TensorFlow Serving (TFS) is the preferred way to serve TensorFlow models. Accordingly, the first step in this solution is to build an inference container with TFS and Elastic Inference support. AWS provides a TFS binary modified for Elastic Inference. Versions of the binary are available for several different versions of TFS, as well as Apache MXNet. For more information and links to the binaries, see Amazon Elastic Inference Basics.

In this solution, the inference Dockerfile gets the modified TFS binary from S3 and installs it, along with an object detection model. The model is a variant of MobileNet trained on the COCO dataset, published in the Tensorflow detection model zoo. The complete Dockerfile is available in the amazon-elastic-inference-eks GitHub repo, under the /Dockerfile_tf_serving directory.

Standard node container

In addition to an inference container with Elastic Inference-enabled TFS and an object detection model, you also need a separate standard node container which performs the bulk of the application tasks and gets predictions from the inference container.
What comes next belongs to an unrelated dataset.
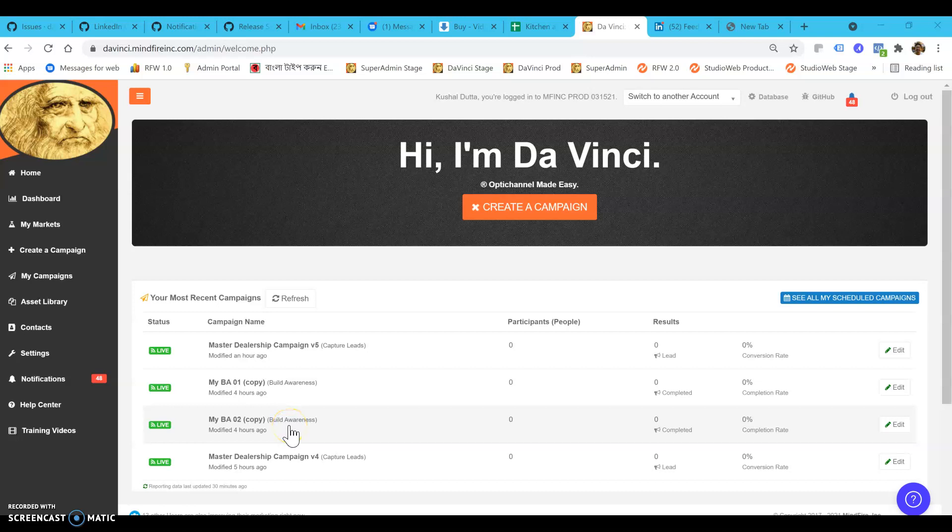Hello folks. Today we're going to learn how to download Mindfire Social Selling Assistant from Google and install it on your Chrome browser.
As a top-level summary, this standard node container performs the following tasks:

  • Polls an Amazon SQS queue for messages regarding the availability of videos.
  • Fetches the next available video from S3.
  • Converts the video to individual frames.
  • Batches some of the frames together and sends the batched frames to the model server container for inference.
  • Processes the returned predictions.

The only aspect of the code that isn’t straightforward is the need to enable EC2 instance termination protection while workers are processing videos, as shown in the following code example:

ec2.modify_instance_attribute(
    InstanceId=instance_id,
    DisableApiTermination={ 'Value': True },
)

After the job processes, a similar API call disables termination protection. This example application uses termination protection because the jobs are long-running, and you don’t want an EC2 instance terminated during a scale-in event if it is still processing a video.

You can easily modify the inference code and optimize it for your use case, so this post doesn’t spend further time examining it. To review the Dockerfile for the inference code, see the amazon-elastic-inference-eks GitHub repo, under the /Dockerfile directory. The code itself is in the test.py file.

Kubernetes cluster details

The EKS cluster deployed in the sample CloudFormation template contains two distinct node groups by default. One node group contains M5 instances, which are currently the latest generation of general purpose instances, and the other node group contains C5 instances, which are currently the latest generation of compute-optimized instances. The instances in the C5 node group each have a single Elastic Inference accelerator attached.

Currently, Kubernetes doesn’t schedule pods using Elastic Inference accelerators. Accordingly, this example uses Kubernetes labels and selectors to distribute the inference workload to the resources in the cluster with attached Elastic Inference accelerators.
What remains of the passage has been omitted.